更多的xmake相关信息请参考xmake的相关文档。
添加vendor/xxx/linux/kernel_yunhal/kernel_build.sh,这个脚本被xmake编译系统调用,完成内核编译工作。
kernel_build.sh开头是一些变量定义
set -x #help to debug
set -e #exit when error
TARGET_PRODUCT=$1 # tablet_cht
PRODUCT_VARIANT=$2 # cht
BUILD_MODE_VARIANT=$3 # new/remake
BUILD_TYPE_VARIANT=$4 # eng/user
PRODUCT_IMG_DIR="${TOP_DIR}/prebuilts/images/${TARGET_PRODUCT}" #image output dir
CPU_NUM=`nproc --all`
MAKE="make -j${CPU_NUM} SHELL=/bin/bash"
PWD=`pwd`
KERNEL_ARCH="x86_64" # arm/arm64
KERNEL_CROSS_COMP="x86_64-poky-linux-"
KERNEL_OUT_DIR="../out/kernel" # .o files output dir
KERNEL_MODINSTALL="modules_install"
KERNEL_OUT_MODINSTALL="../out/${KERNEL_MODINSTALL}" # .ko files output dir
KERNEL_MODULES_ROOT="${buildroot}/${_libdir}/modules" # .ko files install dir
KERNEL_CONFIG="${KERNEL_OUT_DIR}/.config"
KERNEL_EXTRA_FLAGS=""
KERNEL_BLD_FLAGS="ARCH=${KERNEL_ARCH} INSTALL_MOD_PATH=../${KERNEL_MODINSTALL} TARGET_PRODUCT=${TARGET_PRODUCT} TARGET_BUILD_VARIANT=${BUILD_TYPE_VARIANT} YUNOS_WITH_BOARD=${TARGET_PRODUCT}"
KERNEL_BLD_FLAGS="${KERNEL_BLD_FLAGS} O=${KERNEL_OUT_DIR}" # build flags
KERNEL_BLD_ENV="CROSS_COMPILE=${KERNEL_CROSS_COMP}"
KERNEL_FAKE_DEPMOD="${KERNEL_OUT_DIR}/fakedepmod/lib/modules"
KERNEL_SRC_DIR="${PWD}"
KERNEL_VERSION_FILE="${KERNEL_OUT_DIR}/include/config/kernel.release"
KERNEL_BZIMAGE="${PRODUCT_IMG_DIR}/kernel"

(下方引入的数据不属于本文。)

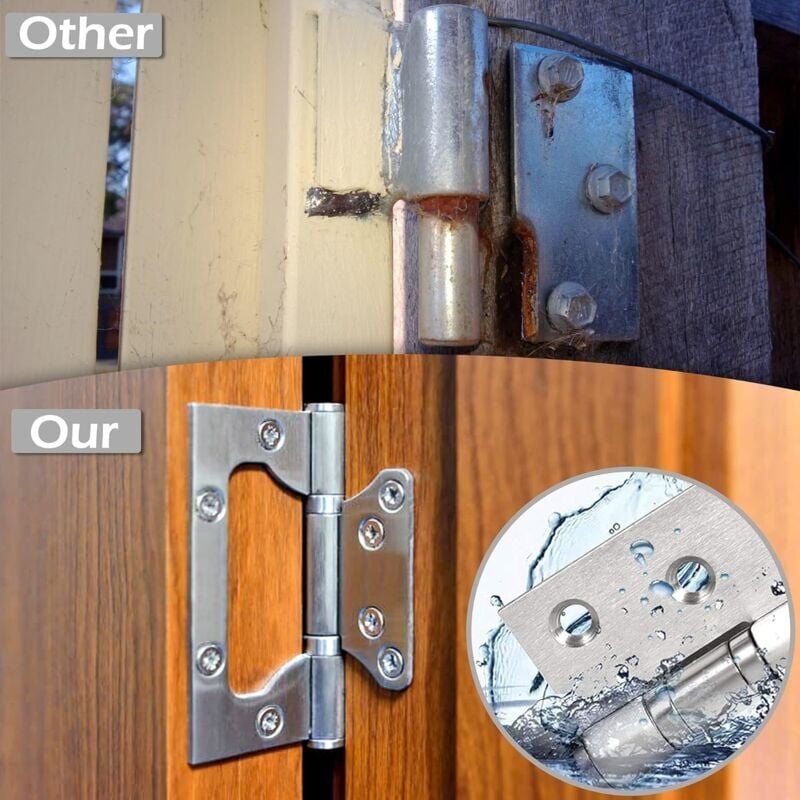 3 Pièces Charniere Porte Lourde Charnières Inox Roulement à Billes Charnière de Porte Charniere Portail Exterieur pour Portes de Maison, Chambre - 2
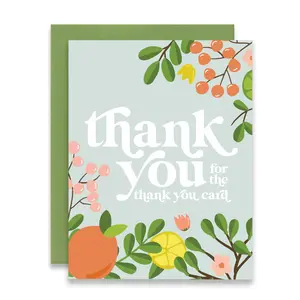 THANK YOU FOR THE THANK YOU CARD - CITRUS FLORAL BORDER - FUNNY ILLUSTRATED GREETING CARD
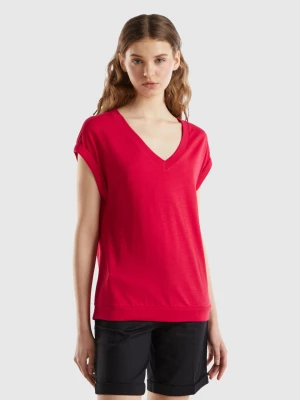 Benetton, T-shirt With V-neck, size XS, Red, Women United Colors of Benetton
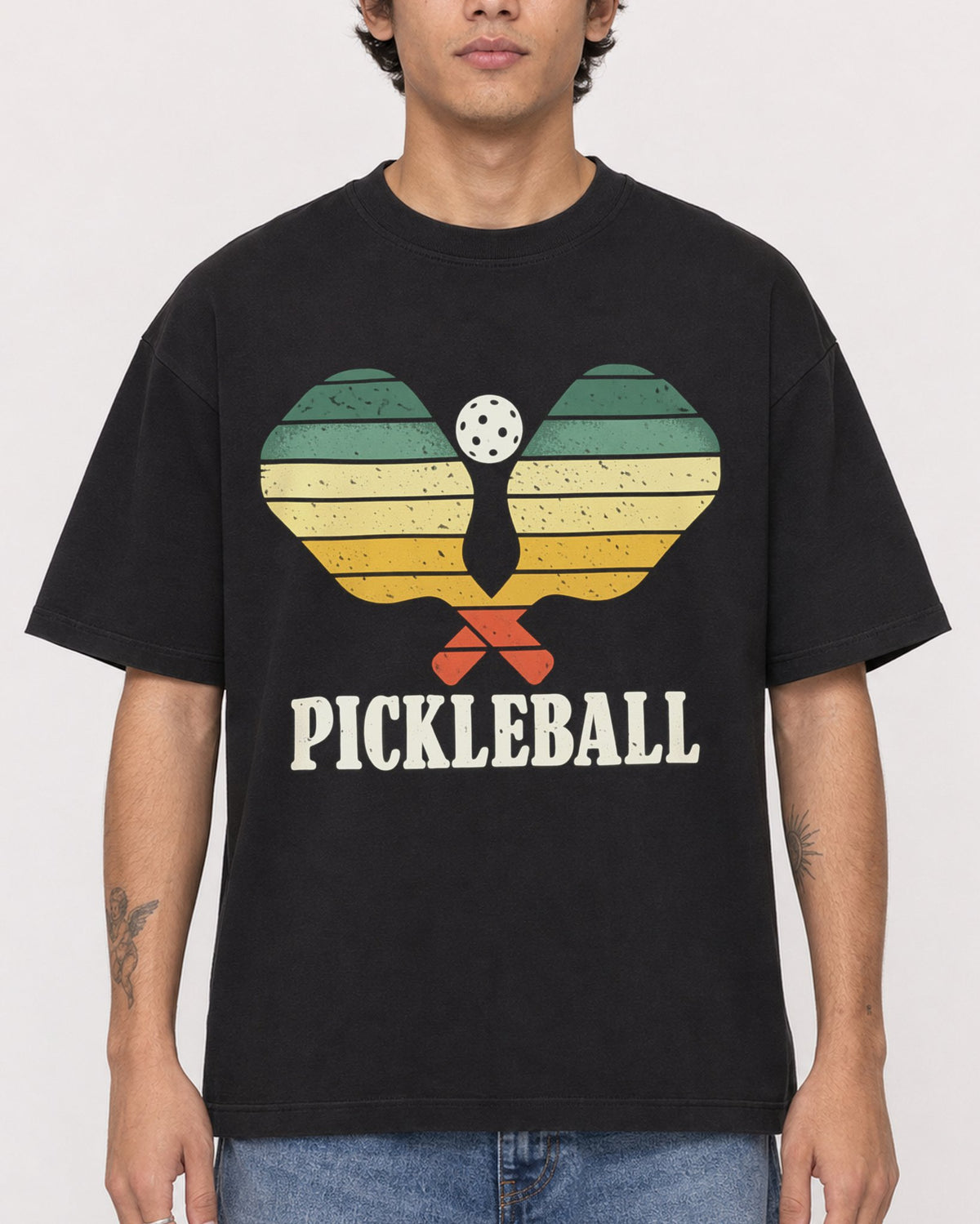 Mockup Boxy Heavyweight Tee Black male close-up 06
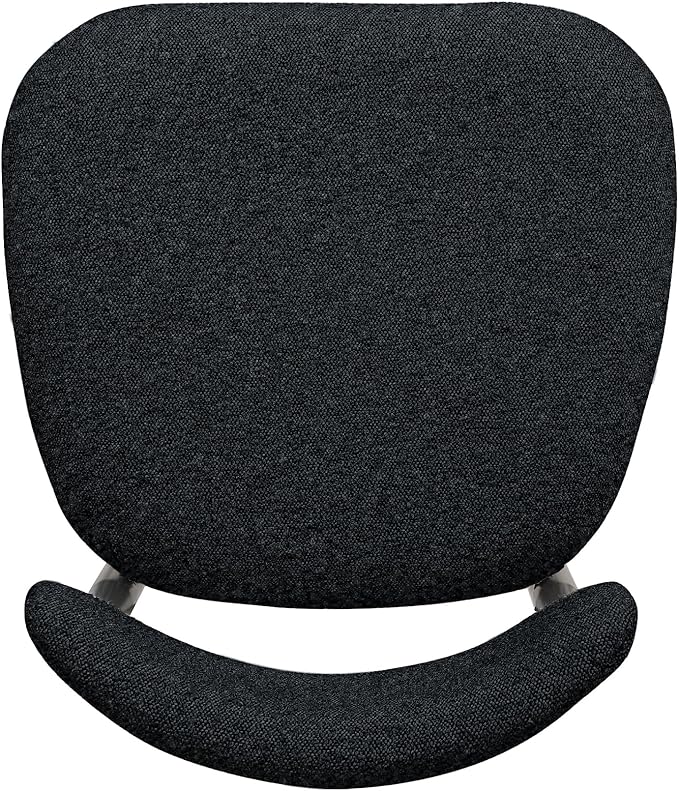 Morden Fort Black Dining Chairs Set of 6, Boucle Upholstered Chairs with Curved Backrest and Metal Legs for Dining Room, Kitchen and Apartment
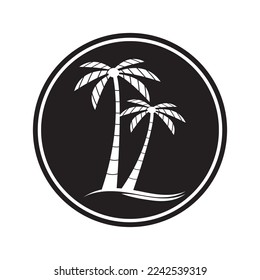 Palm tree summer logo template vector illustration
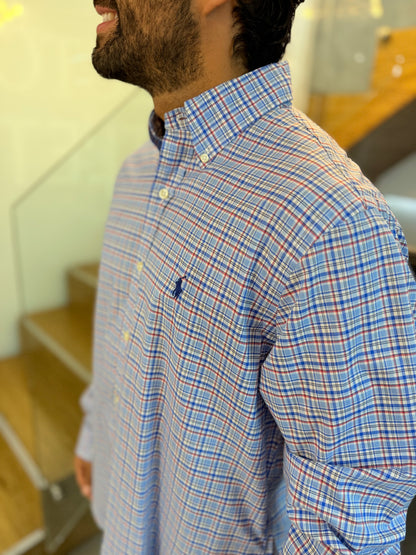Camisa Polo R.L hombre Algodón Cuadros Azules Caballo Azul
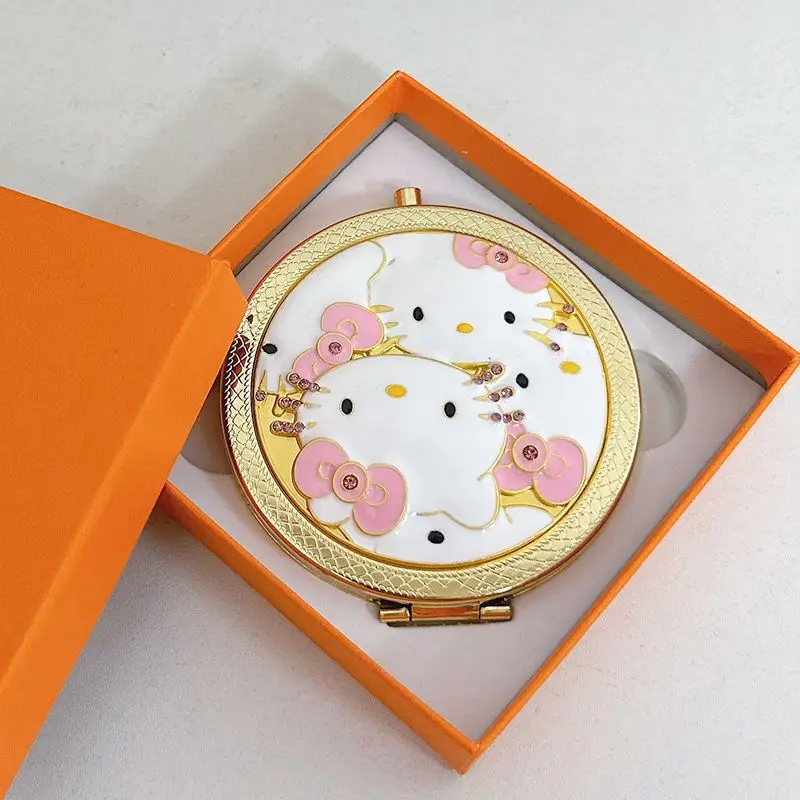 Sanrio Kawaii Hello Kitty กระจกพับนักเรียนแบบพกพากระจกสีทองอะนิเมะอุปกรณ์เสริมหอพักแต่งหน้ากระจกของขวัญ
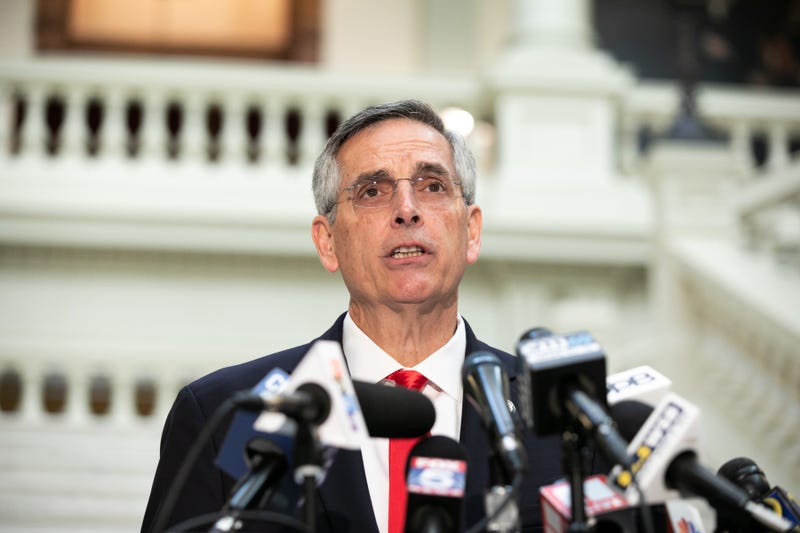 Georgia Secretary of State Brad Raffensperger holds a press conference on the status of ballot counting on November 6, 2020 in Atlanta, Georgia.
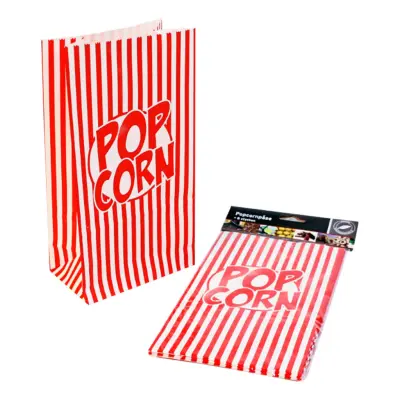 Popcornpåsar Röd/Vit - 8-pack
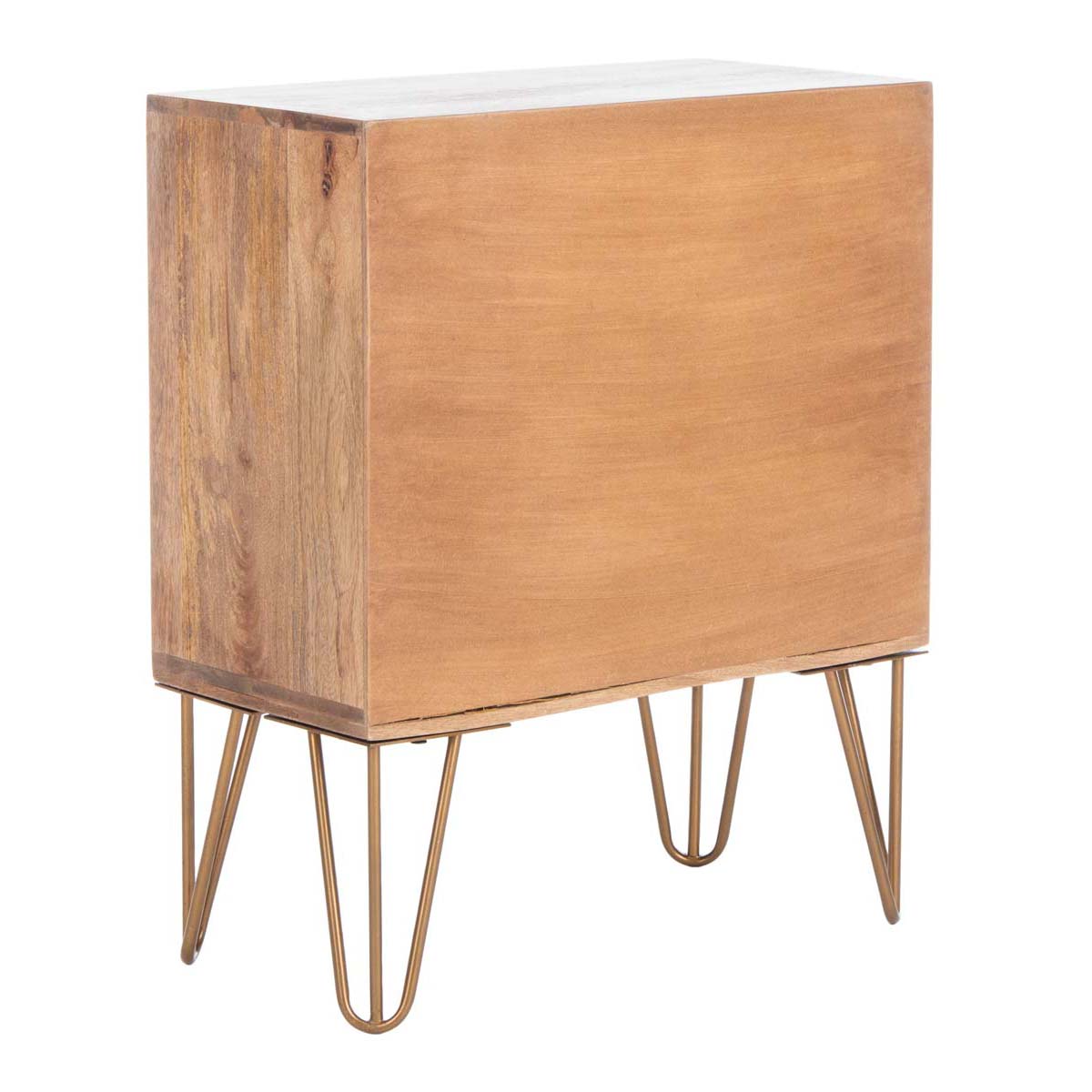 Safavieh Solene 1 Drawer Textured Nightstand , NST5302 - Natural / Brass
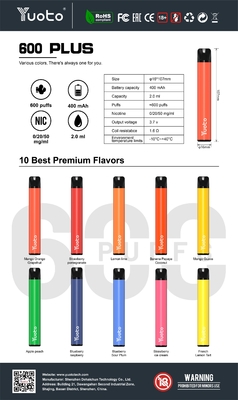 Değiştirilebilir 5 Renkli Tpd Vape Pod, Canlı 600 Puffs Kartuş Mod Cihazı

CPUCORES=`cat /proc/cpuinfo |grep processor|wc -l` 清理上次编译生成的.o文件,并重新创建生成.o 文件所需的目录
rm -rf ../out
mkdir -p ${KERNEL_OUT_DIR}
安装工具链
echo “Installing toolchain”
TOOLCHAIN_DIR=${TOP_DIR}/vendor/intel/linux/toolchain
export PATH=${TOOLCHAIN_DIR}/sysroots/x86_64-pokysdk-linux/usr/bin/x86_64-poky-linux:$PATH
export ${KERNEL_BLD_ENV}
echo “TOOLCHAIN_DIR = ${TOOLCHAIN_DIR}”
创建到YunOS独有代码的符号连接
echo “Create link to yunos module codes”
ln -sf ${TOP_DIR}/security/extern/gpl/yunos ${KERNEL_SRC_DIR}/
echo “Create link to kdbus codes”
ln -sf ${TOP_DIR}/security/extern/gpl/kernel/include/uapi/linux/kdbus.h ${KERNEL_SRC_DIR}/include/uapi/linux/
ln -sf ${TOP_DIR}/security/extern/gpl/kernel/ipc/kdbus ${KERNEL_SRC_DIR}/ipc/
Make clean与Make config
#Clean kernel
${MAKE} mrproper
#Make config
KERNEL_DEFCONFIG=“x86_64_defconfig” # Modify this according to your kernel
if [ “$BUILD_TYPE_VARIANT”x == “user”x ]; then
if [ “$PROD_MODE”x == “on”x ]; then
KERNEL_DEFCONFIG=“x86_64_release_defconfig”
else
KERNEL_DEFCONFIG=“x86_64_user_defconfig”
fi
fi
echo “KERNEL_DEFCONFIG:$KERNEL_DEFCONFIG”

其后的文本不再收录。